Toner also said the revisions do not change the procedures employees must follow before testifying in court or before Congress but “streamline the review process and also remind employees about existing rules regarding the disclosure of classified and other protected information.”
Streamline-apalooza! Here’s the laugh out loud cry from our favorite Veronica Mars:
“It’s an absolute overreach,” Rep. Jason Chaffetz, chairman of the House Oversight and Government Reform Committee told the Daily Signal:
“They should be able to talk to the media, they should be able to speak to Congress,” the Utah Republican said. “They have an absolute and total right to interact with Congress. There are whistleblower protections. That’s not a balanced approach to current and former employees’ rights.”
No kidding! We imagine that the State Department would say no one is preventing anyone from speaking to the media or Congress, they just want to know what you’re going to say first. Before you say it. And hey, the agency will even help you clean it up, if needed.
When the ACLU defended Mr. Van Buren in 2012, it made the following argument:
The Supreme Court has long made clear that public employees are protected by the First Amendment when they engage in speech about matters of public concern. A public employee’s First Amendment rights can be overcome only if the employee’s interest in the speech is outweighed by the govemment’s interest, as employer, in the orderly operation of the public workplace and the efﬁcient delivery of public services by public employees. Pickering v. Bd. of Educ, 391 U.S. 563, 568 (1968). The government bears an even greater burden of justiﬁcation when it prospectively restricts employees’ expression through a generally applicable statute or regulation. United States v. National Treasury Employees Union, 513 U.S. 454, 468 (1995) (“NTEU”).
The Supreme Court has repeatedly held that public employees retain their First Amendment rights even when speaking about issues directly related to their employment, as long as they are speaking as private citizens. Garcetti
v. Ceballos, 547 U.S. 430, 421 (2006).
Further, the State Department’s pre-publication review policy, as applied to blog posts and articles, raises serious constitutional questions. Through its policy, the State Department is prospectively restricting the speech of Mr. Van Buren as well as all present and future State Department employees.

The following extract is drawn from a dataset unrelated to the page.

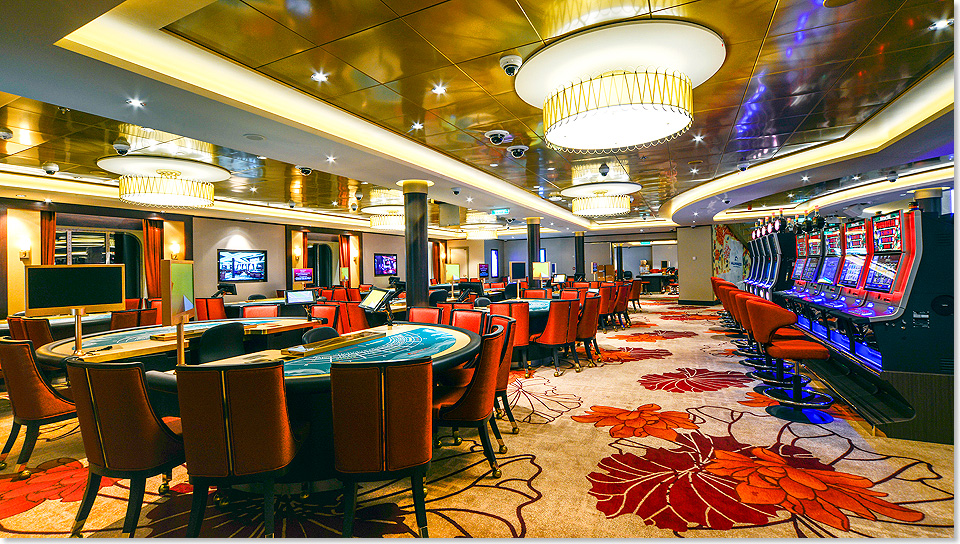 Natrlich gibt es einen grozgigen Casinobereich an Bord der GENTING DREAM.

Where, as here, the restriction limits speech before it occurs, the Supreme Court has made clear that the government’s burden is especially heightened. NTE U, 513 U.S. at 468. The State Department must show that the interests of potential audiences and a vast group of present and future employees are outweighed by that expression’s necessary impact on the actual operation of government. Id. Courts have also required careful tailoring of prospective restrictions to ensure they do not sweep too broadly and that they actually address the identiﬁed harm. Id. at 475. Given this heightened standard, it is highly unlikely that the State Department could sustain its burden of demonstrating that its policy is constitutional.
In 2012, the ACLU presumably, used the 2009 version of 3 FAM 4170. The updated version of 3 FAM 4170 issued July 27, 2015 is much tighter and has a much wider reach. We don’t know how one could argue that this enhanced policy could better sustain constitutional challenge. But then, perhaps, State has a stable of constitutional lawyers at a ready. Besides, those folks outside the building do not have legal standing to challenge these rules. So.

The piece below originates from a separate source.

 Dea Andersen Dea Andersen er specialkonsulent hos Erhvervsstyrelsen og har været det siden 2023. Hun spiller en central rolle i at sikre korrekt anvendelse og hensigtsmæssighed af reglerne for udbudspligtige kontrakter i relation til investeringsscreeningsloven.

Oh, wait, perhaps, the State Department is also counting that no one will cross the fine line after Mr. Van Buren, and this policy functions, at its core, as a simple deterrent.
We acknowledge the reports. While we will not comment on or confirm the specifics of this particular assertion, we know that malicious actors often target email accounts of government and business leaders across the United States.

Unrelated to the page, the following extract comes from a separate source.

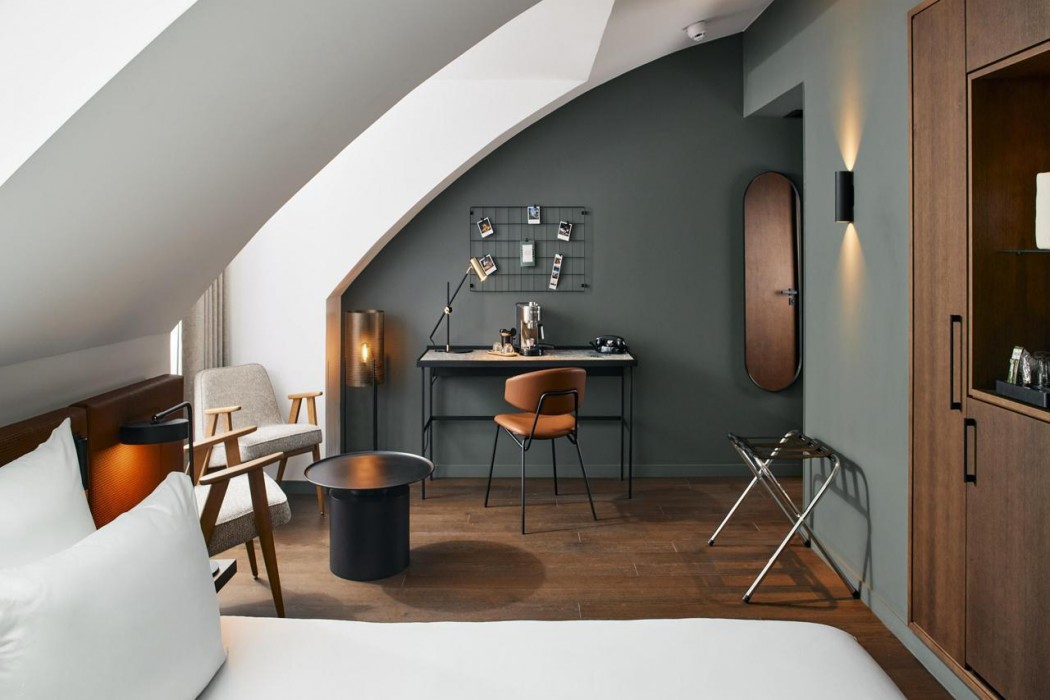Room at Le Bellune Bar Hotel and Spa Paris, PARIS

We’ve also inquired about its response, or guidance to personnel , if any, and the State Department, still on background, would only say this:
We believe it is important for not only government and private sector companies but also individuals to improve their cybersecurity practices. That is why this Administration is working hard to raise our cyber defenses across the board.
Well, we hope they’re talking to employees behind the firewall with more substance than this two-sentence practically useless response.
We have not been able to find anything State Department related-response/guidance on this on the public net, but DOD has some useful reminders posted on the wide-web, no logons required. The first set of slides below is actually a social networking cybersecurity awareness briefing by Diplomatic Security. The slide set appears dated a few years back (uses 2009 examples) and is not available, as far as we can tell, from state.gov. We found this set posted on the slideshare site maintained by the Defense Department. The other two set of slides are on opsec for families and one on geotagging safety for those who posts photos online. both from the DOD site.
Social Networking Cybersecurity Awareness
Social Media Cyber Security Awareness Briefing | OPSEC For Families
On July 27, 2015, two months short of Year 3 since Mr. Van Buren retired, the State Department without much fanfare released its new 3 FAM 4170 rules in 19 pages. For the “FAM is not a regulation; it’s recommendations” crowd, we hope you folks have great lawyers.
My! Look who’s covered!
The updated FAM, same as the old FAM, is divided into two meaty parts — official capacity public communication and personal capacity public appearances and communications. The new version of 3 FAM 4170 is all encompassing, covering the following (not exhaustive list):
— all personnel in the United States and abroad who are currently employed (even if in Leave Without Pay status) by the Department of State and the United States Agency for International Development (USAID), including but not limited to Foreign Service (FS) employees, Civil Service (CS) employees (including schedule C appointees and annuitants returning to work on temporary appointments on an intermittent basis, commonly referred to as “While Actually Employed (WAE)” personnel), locally employed staff (LE Staff), personal service contractors (PSCs), employees assigned to fellowships or details elsewhere and detailees or fellows from other entities assigned to the Department, externs/interns, and special government employees (SGEs).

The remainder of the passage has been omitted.